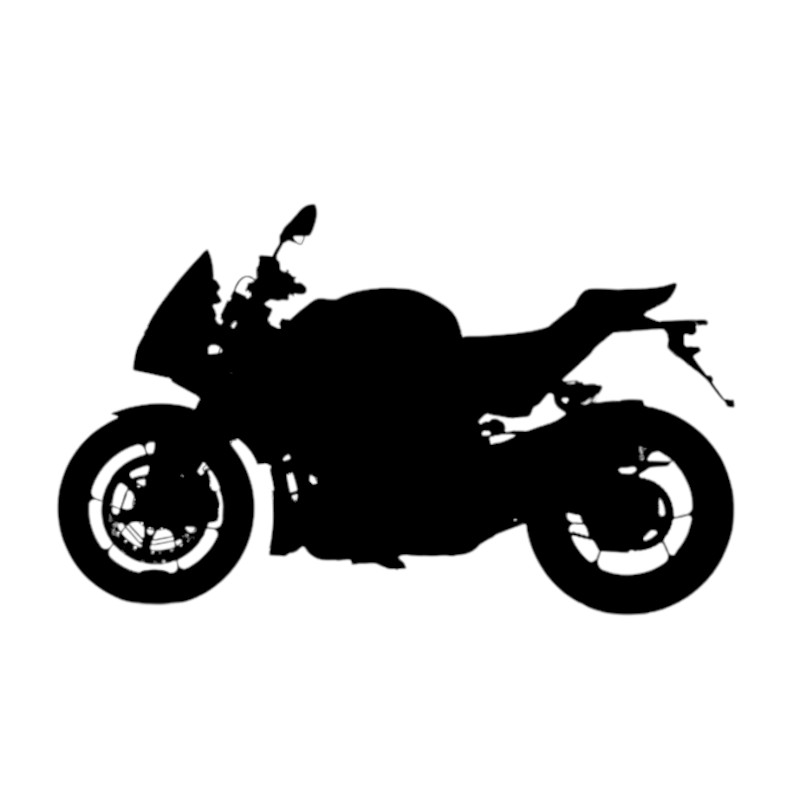 Vignette Aprilia 1000 Tuono V4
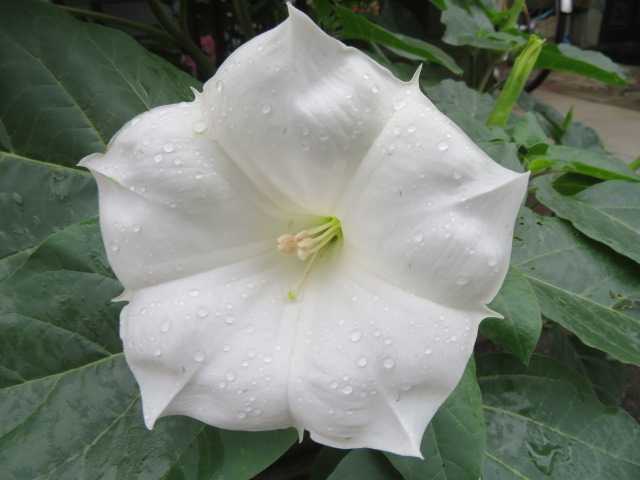 ダチュラ 印度浜木綿 インドハマユウ ユリ 3種類 写真あり 私の好きな花 楽天ブログ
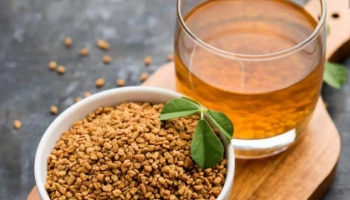 Fenugreek Water Benefits: വെറുംവയറ്റിൽ ഉലുവ വെള്ളം കുടിക്കാം; ​ഗുണങ്ങൾ ഏറെയാണ്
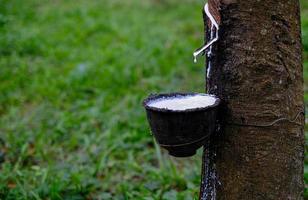 látex leitoso fresco flui para uma tigela de plástico da árvore de borracha foto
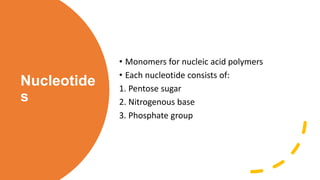 Nucleotide
s
• Monomers for nucleic acid polymers
• Each nucleotide consists of:
1. Pentose sugar
2. Nitrogenous base
3. Phosphate group
 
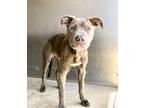 Adopt GARY a Pit Bull Terrier, Mixed Breed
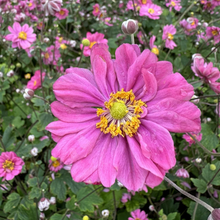 Afbeelding in Gallery-weergave laden, Anemone hybrida &#39;Pamina&#39; - Herfstanemoon
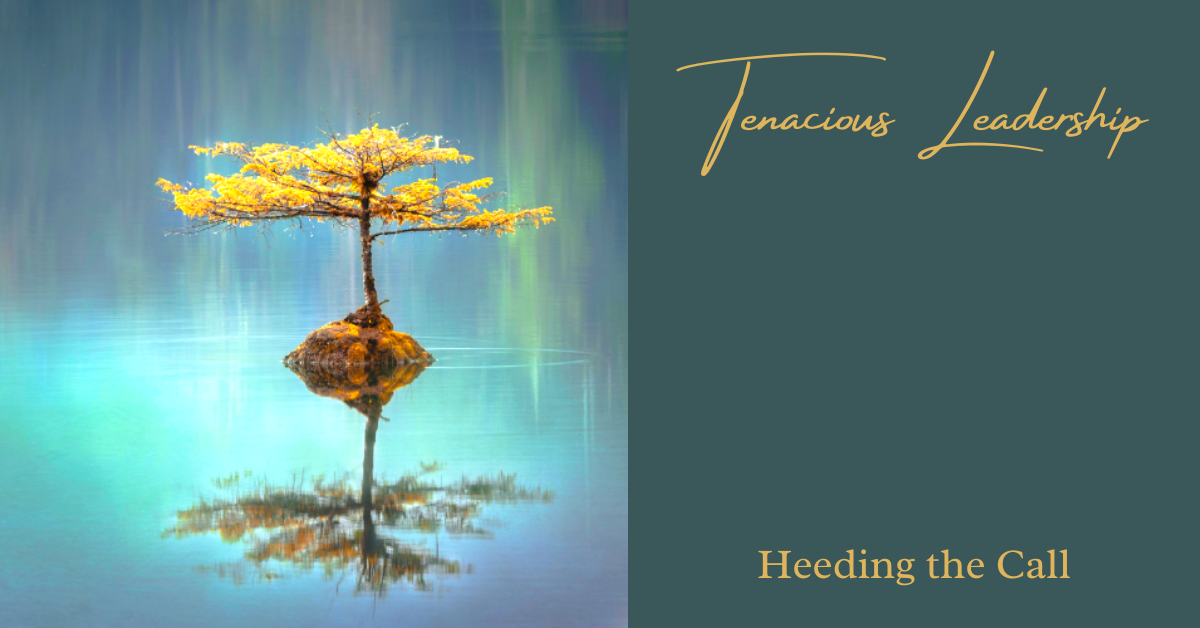 tenacious leadership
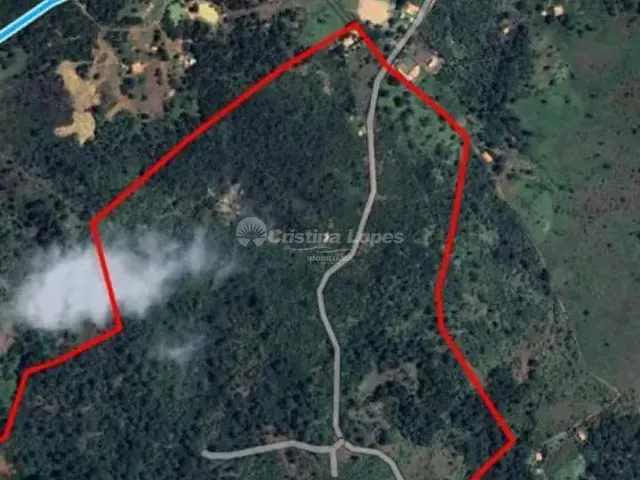 Sítio com 702000m² 4 quartos e 1 banheiro, à venda, no bairro Rural em Floriano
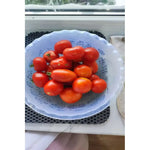 X2 Bowl Ensaladera De Plastico Recipiente Multiuso De 9litro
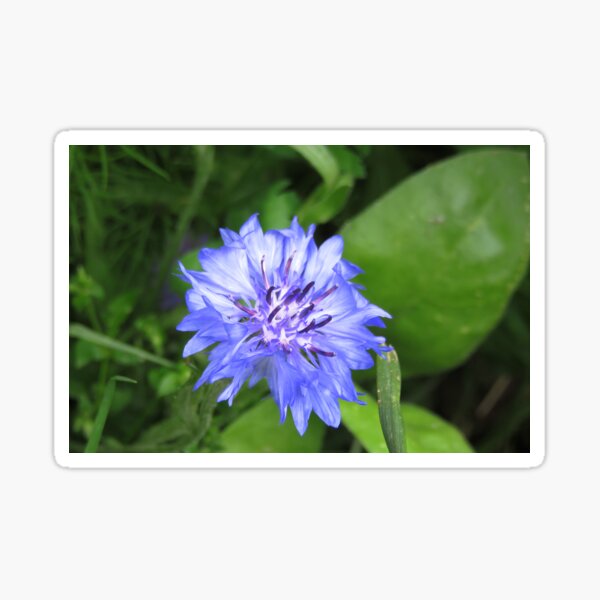 Blue cornflower close up Sticker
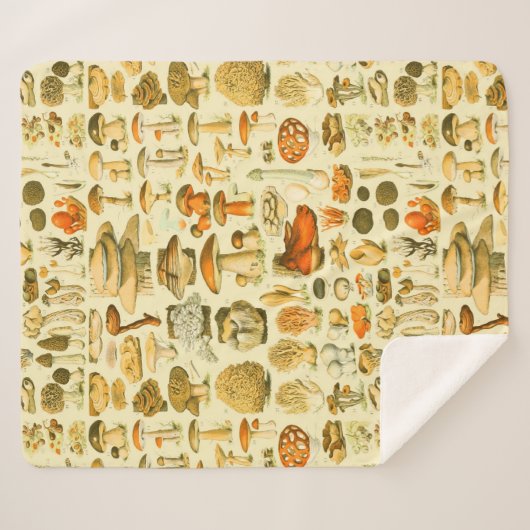 Mushroom Vintag Toadstool Antike Illustration Sherpadecke (Vorderseite (Horizontal))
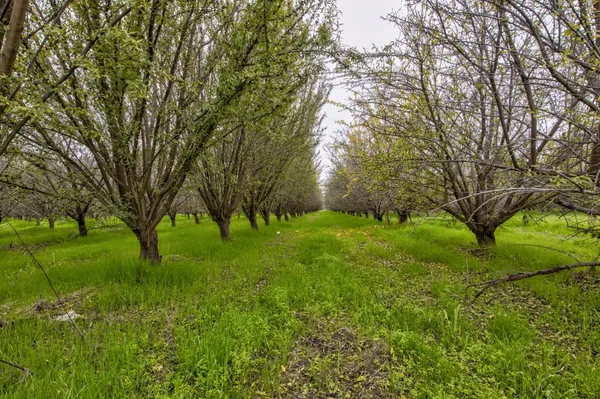 a view of backyard with large trees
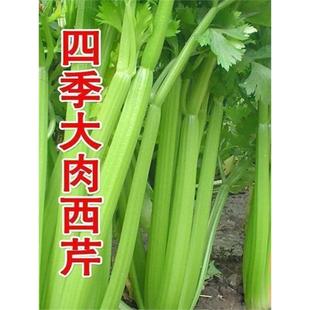 四季大肉西芹种子肉厚脆爽洋芹菜种子春秋播高产阳台大棚蔬菜种籽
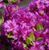 Азалия японская вечнозеленая "Кенігштейн" AZALEA JAPONICA 'KONIGSTEIN' кувшин 1,5 л Пурпурно-розовый 129 фото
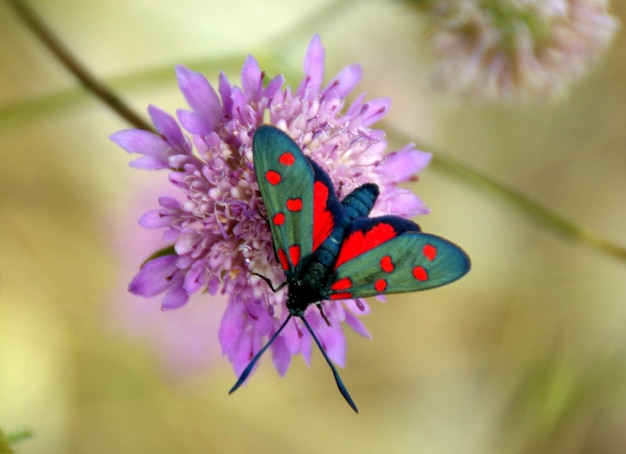 Photo close-up of butterfly pollinating flower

Problem requirements - Restate the listing above word for word and skip each picture.

Exercise response -
 Vignette Aprilia 1000 Tuono V4
 ダチュラ 印度浜木綿 インドハマユウ ユリ 3種類 写真あり 私の好きな花 楽天ブログ
 Fenugreek Water Benefits: വെറുംവയറ്റിൽ ഉലുവ വെള്ളം കുടിക്കാം; ​ഗുണങ്ങൾ ഏറെയാണ്
 látex leitoso fresco flui para uma tigela de plástico da árvore de borracha foto
 Nucleotide
s
• Monomers for nucleic acid polymers
• Each nucleotide consists of:
1. Pentose sugar
2. Nitrogenous base
3. Phosphate group
 
 Adopt GARY a Pit Bull Terrier, Mixed Breed
 Afbeelding in Gallery-weergave laden, Anemone hybrida &#39;Pamina&#39; - Herfstanemoon
 tenacious leadership
 Sítio com 702000m² 4 quartos e 1 banheiro, à venda, no bairro Rural em Floriano
 X2 Bowl Ensaladera De Plastico Recipiente Multiuso De 9litro
 Blue cornflower close up Sticker
 Mushroom Vintag Toadstool Antike Illustration Sherpadecke (Vorderseite (Horizontal))
 a view of backyard with large trees
 四季大肉西芹种子肉厚脆爽洋芹菜种子春秋播高产阳台大棚蔬菜种籽
 Азалия японская вечнозеленая "Кенігштейн" AZALEA JAPONICA 'KONIGSTEIN' кувшин 1,5 л Пурпурно-розовый 129 фото
 Photo close-up of butterfly pollinating flower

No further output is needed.